简体   繁体   English

我将如何阅读 go 并将此文本文件的信息分离到 arrays 中?

[英]How would I go about reading and separating this text file's information into arrays?

Suppose I have a text file such as:假设我有一个文本文件,例如:


Adam: Tall Handsome Kind Athlete
  He enjoys playing basketball

Sabrina: Short Pretty Funny Adorable Gymnast
  She loves gymnastics

Sinclair: Blonde
  He is blonde

Assume the file has several more people, each with a Name and then 0 or more characteristics about them and then a new line with a tab following a sentence underneath.假设该文件还有几个人,每个人都有一个名称,然后是关于他们的 0 个或多个特征,然后是一个新行,下面的句子后面有一个制表符。 For example,例如,

Adam: would be the name亚当:会是名字

Tall Handsome Kind Athlete would be 4 individual characteristics高大英俊的运动员将是 4 个个人特征

He enjoys playing basketball would be the sentence.他喜欢打篮球就是这句话。

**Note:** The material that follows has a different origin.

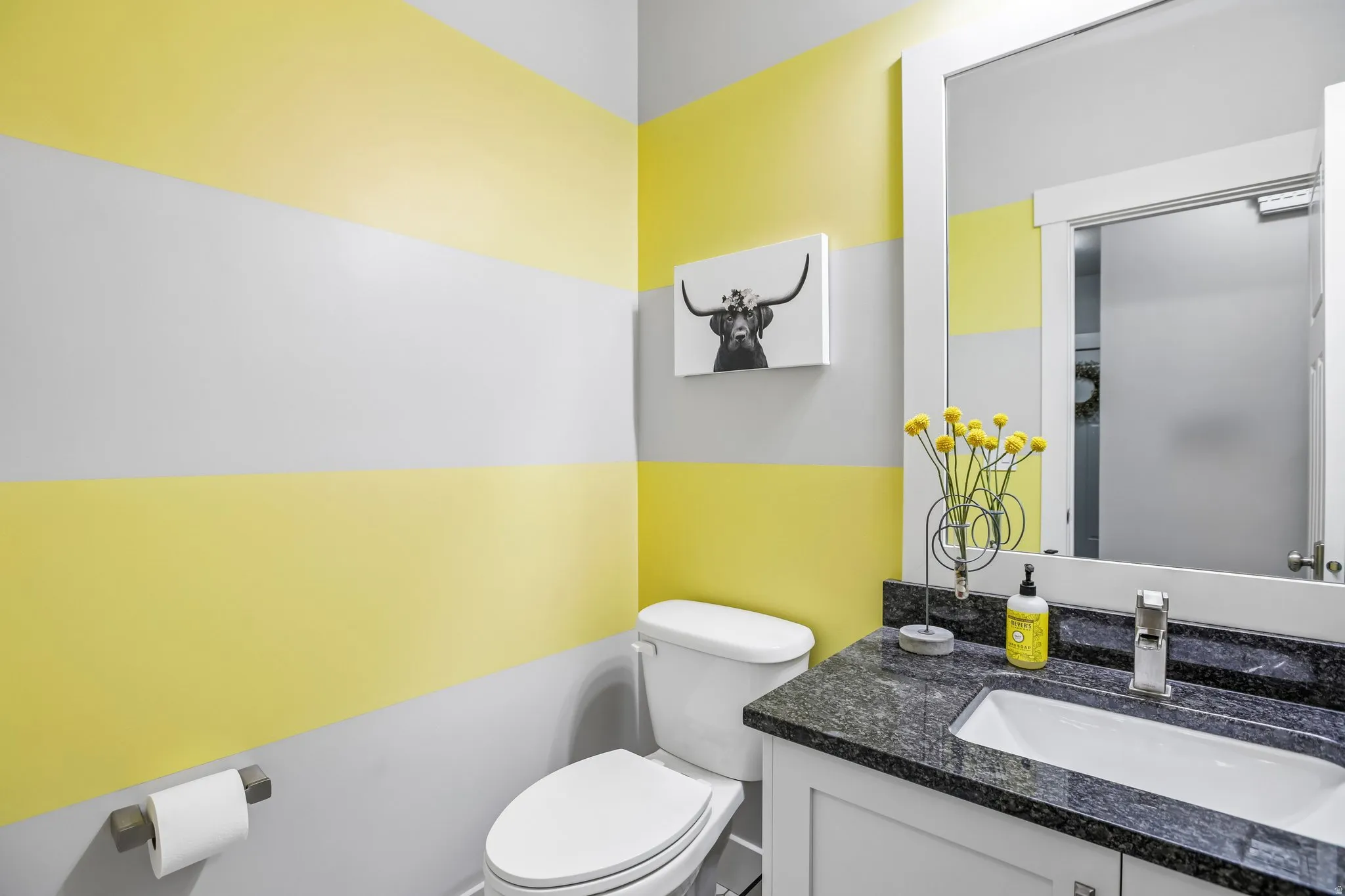 Bathroom featuring horizontal striped walls, a white vanity with a dark granite countertop, an undermount sink, and a framed wall mirror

I want to store this information in a structure like so:我想将此信息存储在如下结构中:

typedef struct People {
 char *name;
 char **characteristics;
 char *sentence;
} People;

typedef struct List {
  People **list;
  int total_ppl;
} List;

int main (void) {
 List *ppl_list = malloc(sizeof(List));
 ppl_list->list = malloc(sizeof(People));
 int i = 0;
 FILE *pf = fopen("input.txt", "r");
 if (pf == NULL) {
    printf("Unable to open the file");
 } else {
   
/*    I'm not sure how to go about reading the information from here. I was thinking about using
      fscanf but I don't know how to separate and store the Name, each Characteristic, and 
      the sentence separately. I know I will need to realloc ppl_list as more people are read from the 
      file. If I should change my structs to organize it better, please let me know.
*/

 }
}

There is a function called strtok(): https://www.tutorialspoint.com/c_standard_library/c_function_strtok.htm有一个名为 strtok() 的function:https://www.tutorialspoint.com/c_standard_library/c_function_strtok.htm

Though I've never used it, the one time I had to do this I implemented a function that would separate a string into an array of pointers to pointers of chars and dynamically allocated memory for the whole block, it would look for commas and generate a new string each time it found one, my code wouldn't work in your case because it was written to specifically ignore withe spaces, though if you're not ignoring them but using them as delimitators the code gets a lot simpler.虽然我从未使用过它,但有一次我不得不这样做,我实现了一个 function,它将一个字符串分成一个指向字符指针的指针数组,并为整个块动态分配 memory,它会查找逗号并生成每次找到一个新字符串时,我的代码在您的情况下不起作用,因为它是专门为忽略空格而编写的,但如果您不忽略它们而是将它们用作分隔符,则代码会变得简单得多。

Edit: as for getting the info out of the file I would create a buffer of an absurd size like say 32768 Bytes and use fgets(buffer, 32768, pf), though you may wanna add a check to see if even 32K chars weren't enough for the read and to deal with that, though I imagine it wouldn't be necessary.编辑:至于从文件中获取信息,我会创建一个大小荒谬的缓冲区,例如 32768 字节并使用 fgets(buffer, 32768, pf),尽管您可能想添加一个检查以查看是否有 32K 字符足够阅读和处理它,尽管我认为这没有必要。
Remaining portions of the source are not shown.